A compensation philosophy is one of the most powerful statements an organization can have. It dictates the strategy for how salaries are to be administered and governed. Compensation philosophies are intentions leaders make, sometimes as a direct result of an external wage study, but often because of intervening factors like funding restrictions, fierce competition for talents, or cultural influences. They are the basis for rewarding comparable compensation for jobs with comparable responsibilities, knowledge requirements and market demands.

The first step in developing a compensation philosophy is to make peace with the fact that a written intent must be present for an organization's compensation strategy to see success. In every project engagement, PGN HR's consultants use compensation philosophy to guide their actions on data collection, data analysis, financial impact analysis, reporting, and providing actionable recommendations.

We assess our clients' posture in terms of current reality versus organizational objectives. We discuss factors our clients consider compensable and critical, which can include education, experience, complexity, authority, job responsibilities, time in job, and employee performance.

An Example Of A Compensation Philosophy Explored

If an organization says that their compensation philosophy is to match salaries to the top quartile of the market average, this actually means the focus is to compare salaries against data within 2 standard deviations. This ensures that salaries are competitively similar with the market average 95% of the time. Not 100% of the time. Meaning the comparison is not a one-to-one ratio. Salaries are not compared with the market average at 100%, we take the 95% value of the market average.

Compensation philosophies have strong influence over the end-results of any engagements, particularly in stages where financial impacts and post-roll-out salary equity issues are being discussed.

Policies Affecting Compensation

On another note, policies too affect the end-results of market studies.
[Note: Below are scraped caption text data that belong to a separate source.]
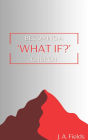 Becoming a 'What If?' Church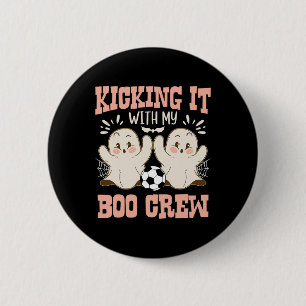 Spooky Halloween Soccer Kicking It With My Boo Cre 6 Cm Round Badge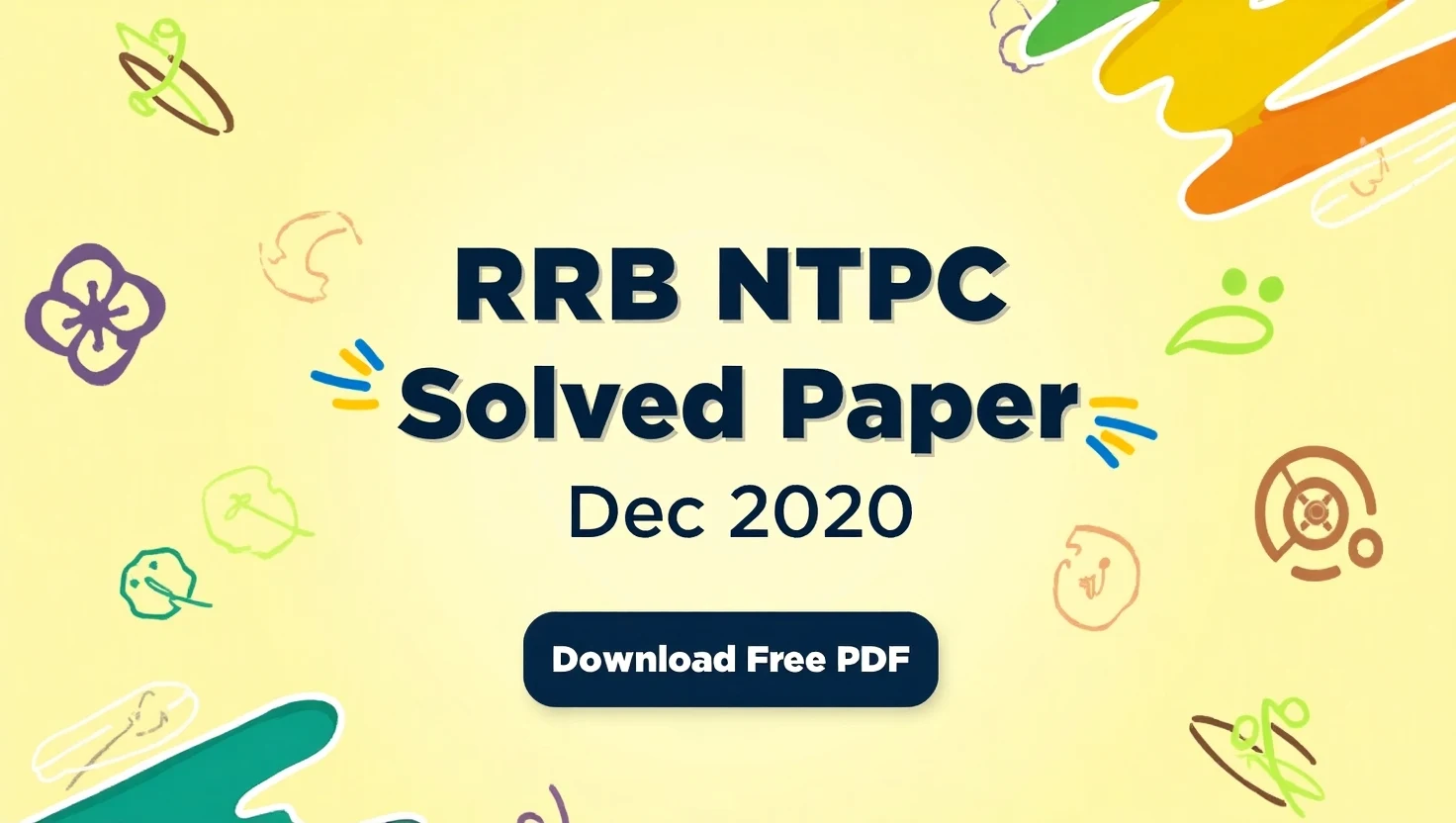 RRB NTPC Solved Paper Dec 2020: Download Free PDF with Questions and Answers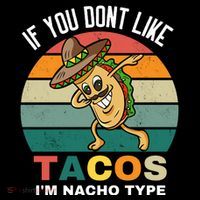 If You Dont Like Tacos Im Nacho Type Poster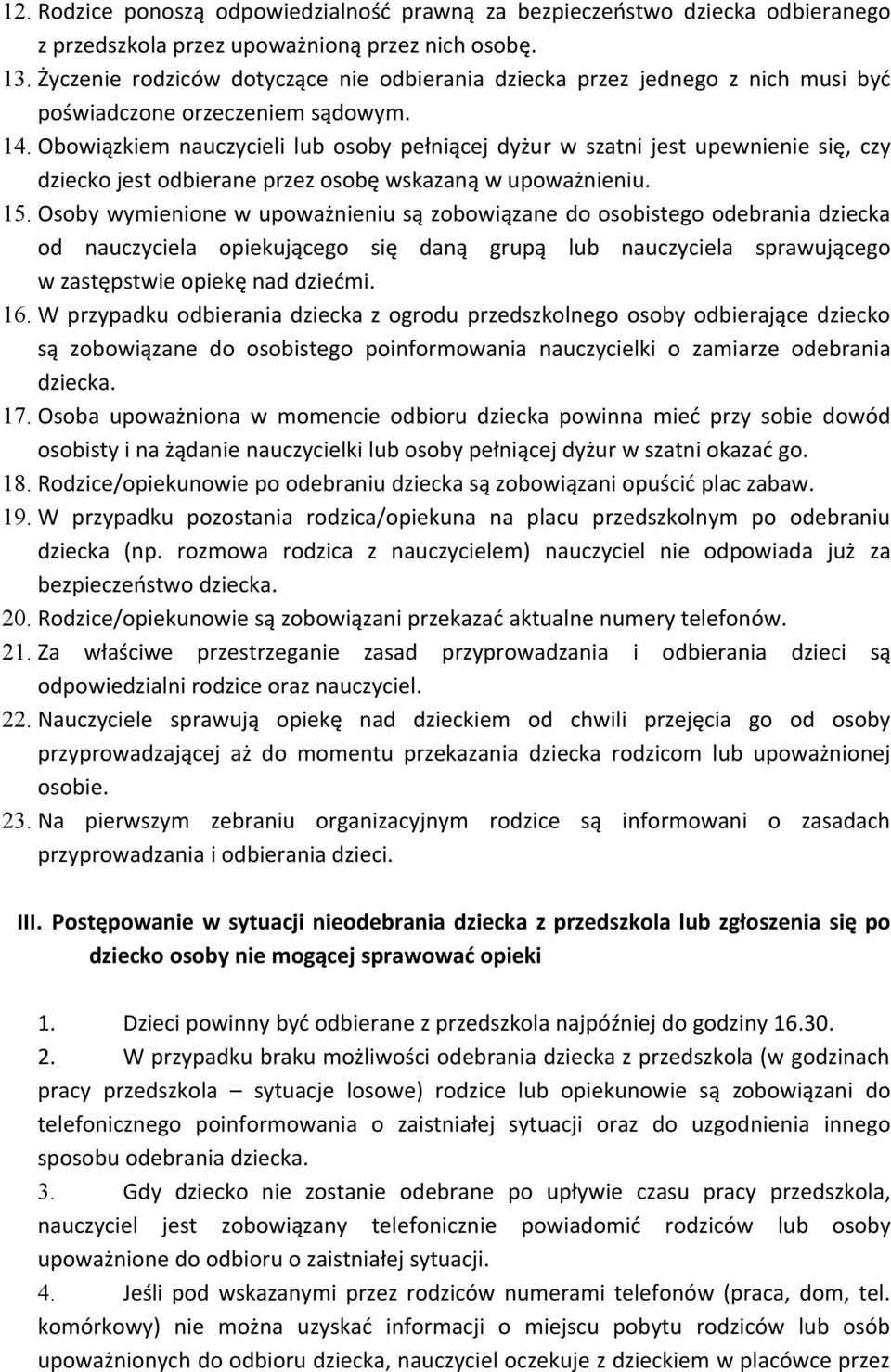 Obowiązkiem nauczycieli lub osoby pełniącej dyżur w szatni jest upewnienie się, czy dziecko jest odbierane przez osobę wskazaną w upoważnieniu. 15.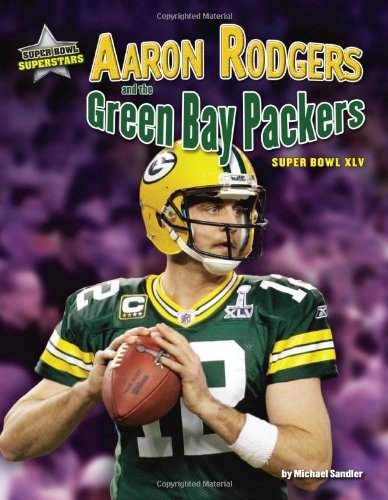 Aaron Rodgers and the Green Bay Packers: Super Bowl XLV (Super Bowl Superstars)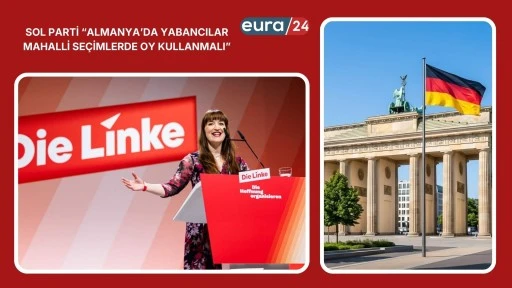 Sol Parti&rsquo;den &ldquo;Yabancılara Yerel Se&ccedil;im Hakkı&rdquo; &Ouml;nerisi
One particular policy that always creeps up towards the end of the study is the “Policy on Initial Hiring”. Initial hiring policies always confuse clients and consultants alike. Very often, the study analysis will adjust salaries based on the employees’ incumbency in the job. Jobs are then assigned to newly updated salary structures using factors that include “years in position”. But then problems arise when few months down the road, clients try to hire someone and count “years of experience” as creditable item for assigning new hires into the structure at a 1:1 ratio.

This causes compression issues and internal equity problems because now, the new hire will be placed at the same or a much higher rates in the range than the existing incumbent, because clients invariably used years of experience with 1:1 ratio credit. Meaning, a one-year experience outside equates to one-year experience within.

All these issues can actually be addressed in the beginning by proper communication, understanding, and technical guidance for updating or amending policies and practices and of course, developing a compensation philosophy.